*** Recorded data
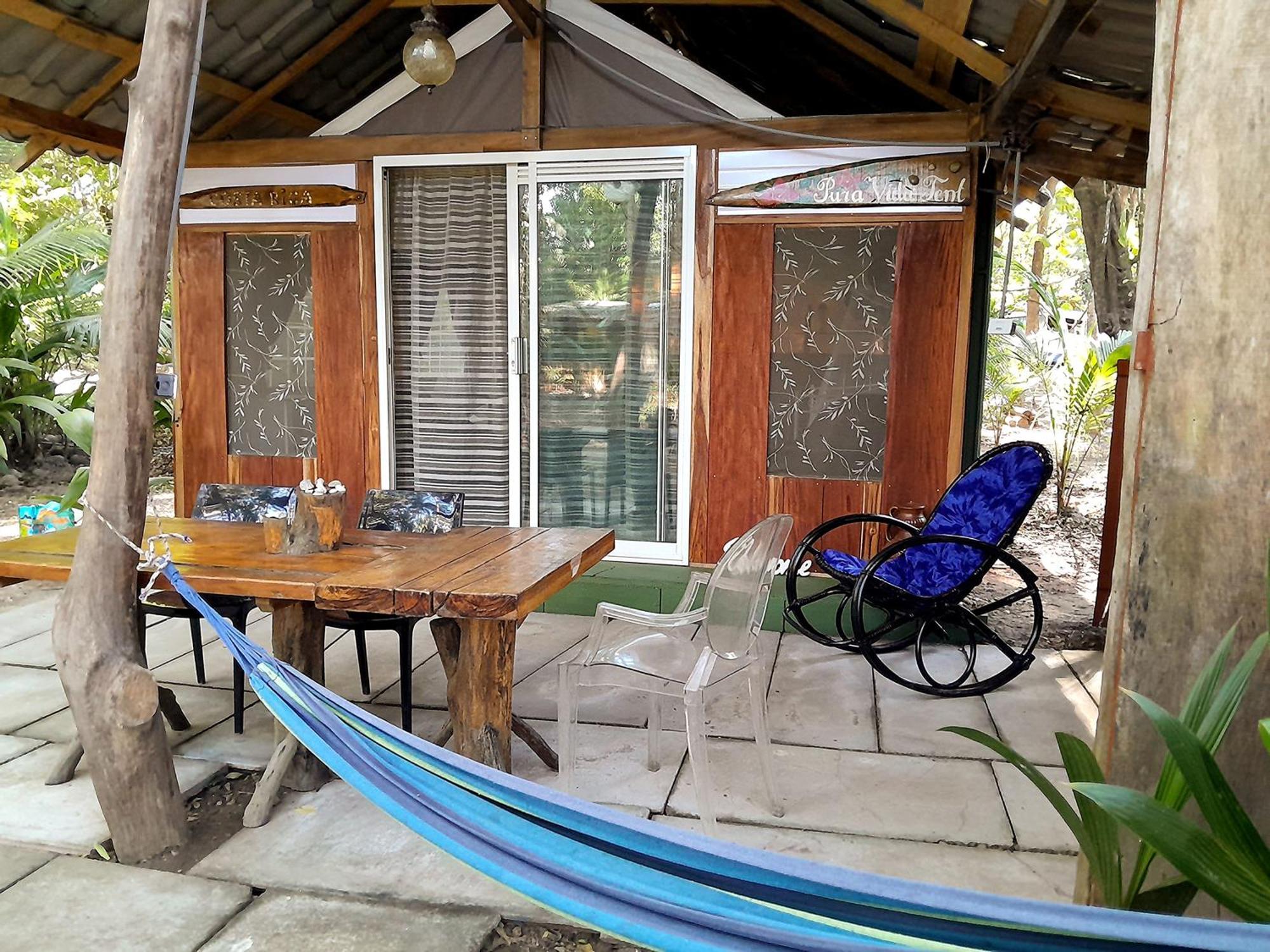 Fully Furnished Family Jungle Tent, Latino Glamping 파케라 외부 사진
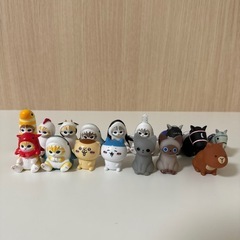 mofusand ちいかわ小物セット+おまけ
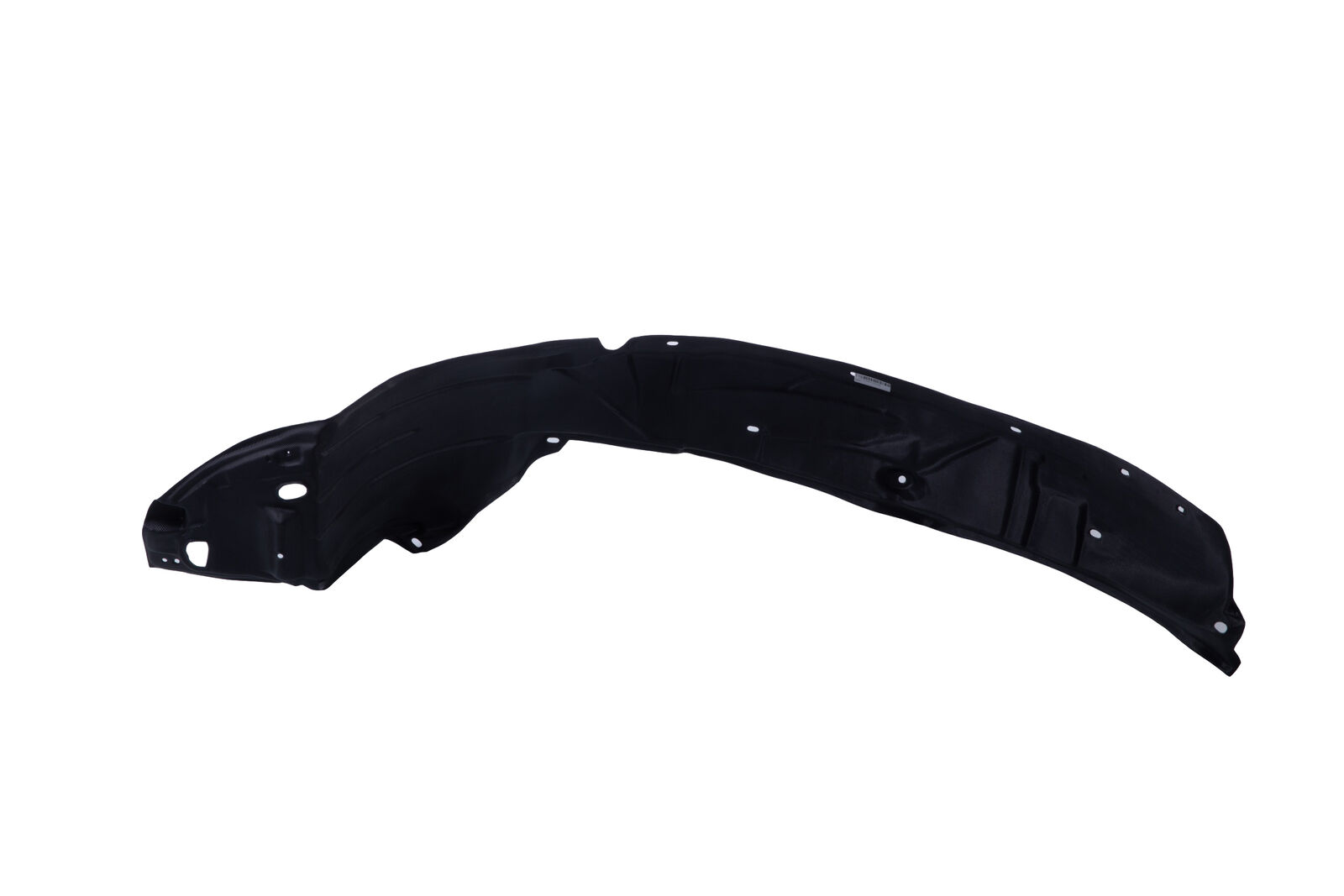 HO1248121 honda civic 2004 2005 front left fender liner ho1248121 5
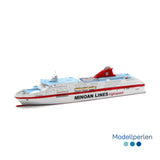 Mare Nostrum - MN 18 - Cruise Europa - 1:1250 - Waterline model - Original packed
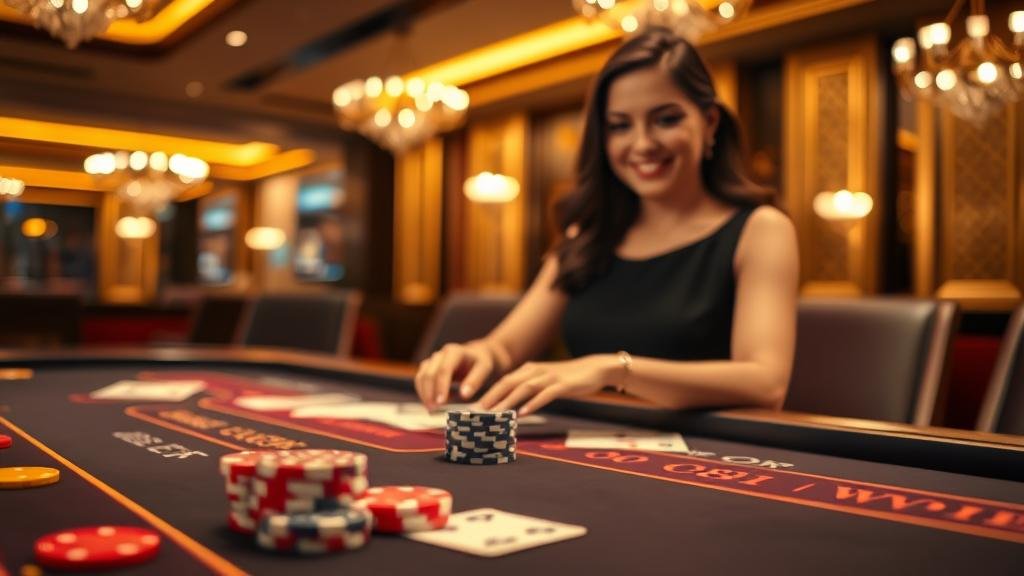 สถิติการออกไพ่ บาคาร่า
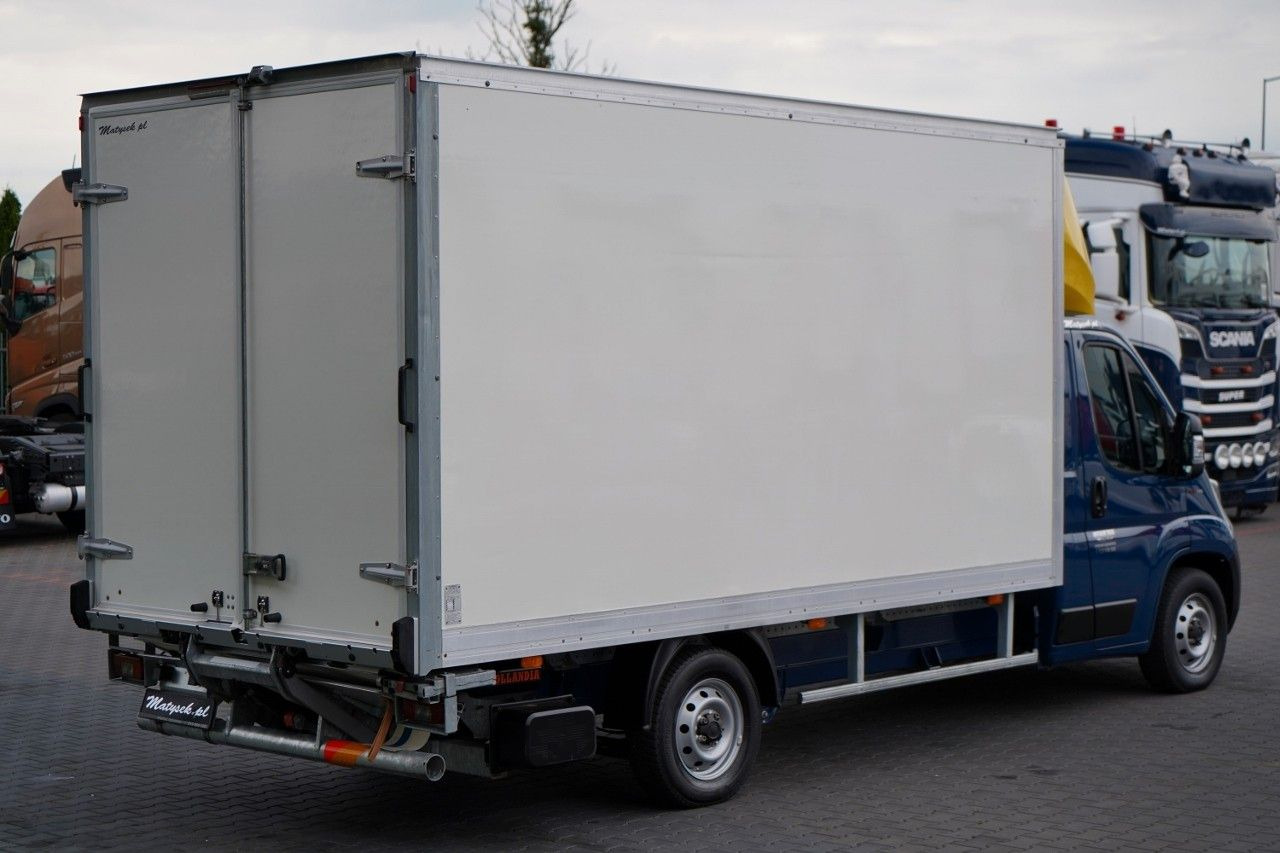 Fiat DUCATO MAXI / KONTENER / IZOTERMA / WINDA / SPR - Autoutilitară box: Foto 4 Fiat DUCATO MAXI / KONTENER / IZOTERMA / WINDA / SPR - Autoutilitară box: Foto 4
******
» Work item
The expected output is an exact copy of the lines from the one holding "Mare Nostrum - MN" through the last line of the listing above, with the pictures omitted.

» Answer for the task
 Mare Nostrum - MN 18 - Cruise Europa - 1:1250 - Waterline model - Original packed
 สถิติการออกไพ่ บาคาร่า
 Fiat DUCATO MAXI / KONTENER / IZOTERMA / WINDA / SPR - Autoutilitară box: Foto 4 Fiat DUCATO MAXI / KONTENER / IZOTERMA / WINDA / SPR - Autoutilitară box: Foto 4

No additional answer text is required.